Using COMSOL Software on the Eagle System

COMSOL Multiphysics is a versatile finite element analysis and simulation package. The COMSOL Desktop GUI (graphical user interface) offers an environment for building and solving models. It provides script-based modeling capabilities.

Currently, we host three floating network licenses and a number of additional modules. Issue the command lmstat.comsol to see current license status and COMSOL modules available.

Building a COMSOL Model

Extensive documentation is available in the menu: Help > Documentation and in Help > Dynamic Help. For beginners, it is highly recommended to follow the steps in Introduction to COMSOL Multiphysics found in Help > Documentation.

For instructional videos, see the COMSOL website.

Running COMSOL Interactively

License status, including how many licenses are presently checked out, can be viewed by invoking the following command:

[user@el3 ~]$ lmstat.comsol

COMSOL can be used by starting the COMSOL GUI that allows one to build models, run the COMSOL computational engine, and analyze results. With the COMSOL engine running on Eagle, the input to and output from the GUI must be available on a remote machine. The remote machine must be able to send/receive information for X Windows.

From the Terminal application on a FastX desktop, the following should bring up the COMSOL interface.

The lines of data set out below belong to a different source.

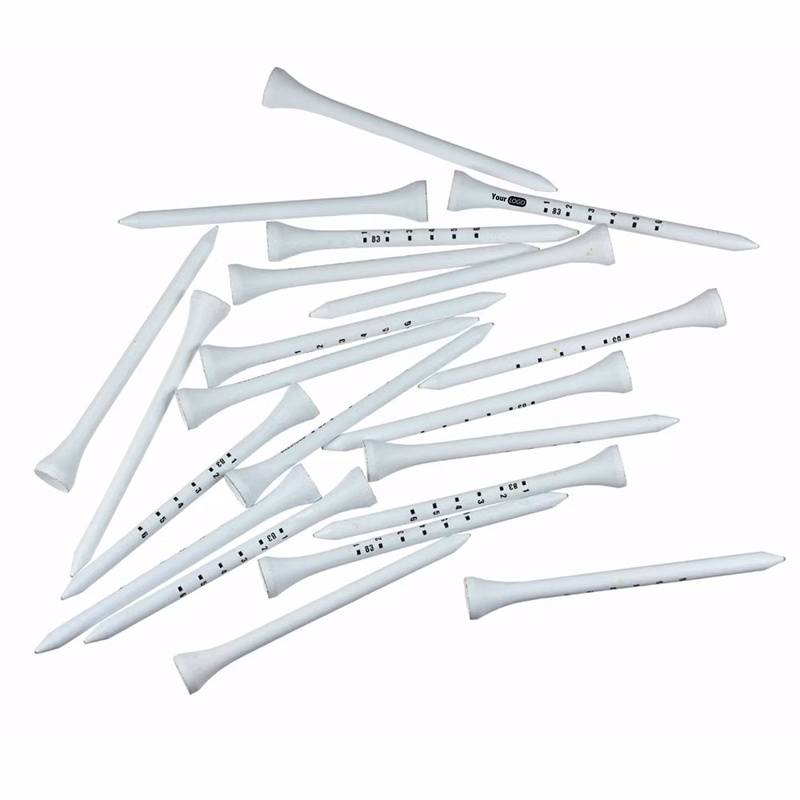 Wood Personalized Durable Golf Tees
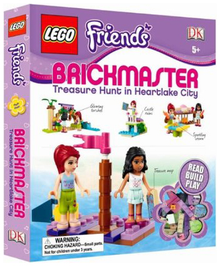 LEGO Friends BRICKMASTER: Treasure Hunt in Heartlake City (Hardcover)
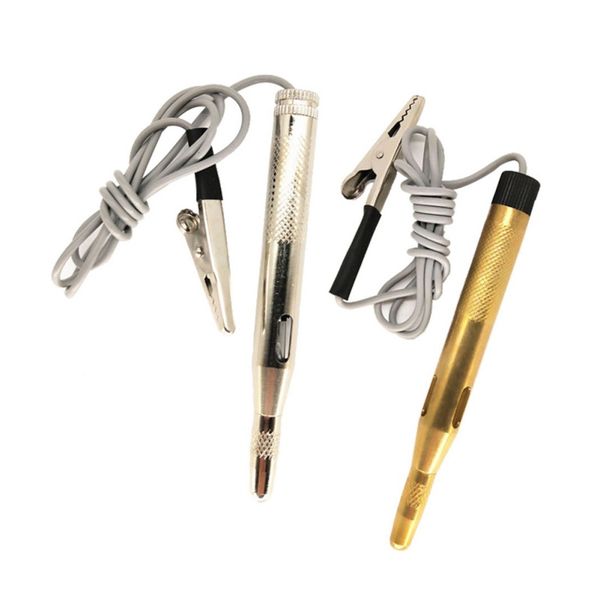 2020 6-24v copper electric pen universal test light automotive circuit test pencil circuit inspection safety pen
2020 6-24v copper electric pen universal test light automotive circuit test pencil circuit inspection safety pen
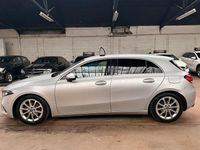 Used Mercedes A180 Executive 116 HP (85 kW) 2018 Silver Hatchback
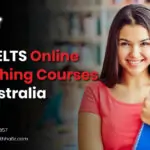 A girl is happy to read the guide about top IELTS online coaching courses in Australia.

[user@ed3 ~]$ module purge
[user@ed3 ~]$ module load comsol/5.4
[user@ed3 ~]$ vglrun comsol

From an X-enabled shell on a compute node, replace the last command with

[user@r1i7n24 ~]$ comsol -3drend sw

Running a COMSOL Job in Batch Mode

You can save your model built in GUI mode into a file such as myinputfile.mph. Once that's available, the following job script shows how to run a single process multithreaded job in batch mode:

#!/bin/bash
#SBATCH --job-name=comsol-batch-1proc
#SBATCH --time=00:20:00
#SBATCH --nodes=1
#SBATCH --account=<your-allocation-id>
#SBATCH --output=comsol-%j.out
#SBATCH --error=comsol-%j.err

# This helps ensure your job runs from the directory
# from which you ran the sbatch command
cd $SLURM_SUBMIT_DIR

# Set up environment, and list to stdout for verification
module purge
module load comsol/5.4
echo " "
module list
echo " "

inputfile=$SLURM_SUBMIT_DIR/myinputfile.mph
outputfile=$SLURM_SUBMIT_DIR/myoutputfilename
logfile=$SLURM_SUBMIT_DIR/mylogfilename

# Run a COMSOL job with 36 threads.
# -np = number of threads per rank

comsol batch -np 36 -inputfile $inputfile -outputfile $outputfile –batchlog $logfile

Once this script file (assumed to be named script-comsol.slurm) is saved, it can be submitted to the job scheduler with

[user@el3 ~]$ sbatch script-comsol.slurm

Running a Multiprocess COMSOL Job

To configure a COMSOL job with multiple MPI ranks, the example Slurm script here might serve as a template:

#!/bin/bash
#SBATCH --job-name=comsol-batch-4proc
#SBATCH --time=00:20:00
#SBATCH --nodes=2
#SBATCH --ntasks-per-node=2
#SBATCH --account=<your-allocation-id>
#SBATCH --output=comsol-%j.out
#SBATCH --error=comsol-%j.err
# This helps ensure your job runs from the directory
# from which you ran the sbatch command
cd $SLURM_SUBMIT_DIR
# Set up environment, and list to stdout for verification
module purge
module load comsol/5.4
echo " "
module list
echo " "
inputfile=$SLURM_SUBMIT_DIR/myinputfile.mph
outputfile=$SLURM_SUBMIT_DIR/myoutputfilename
logfile=$SLURM_SUBMIT_DIR/mylogfilename
# Run a 2-node, 4-rank parallel COMSOL job with 18 threads for each rank.
# -nn = total number of MPI ranks
# -nnhost = number of MPI ranks per host
# -np = number of threads per rank

comsol –nn 4 -nnhost 2 batch -np 18 -inputfile $inputfile -outputfile $outputfile –batchlog $logfile

The job script is submitted to the scheduler just the same as above for the single-process example.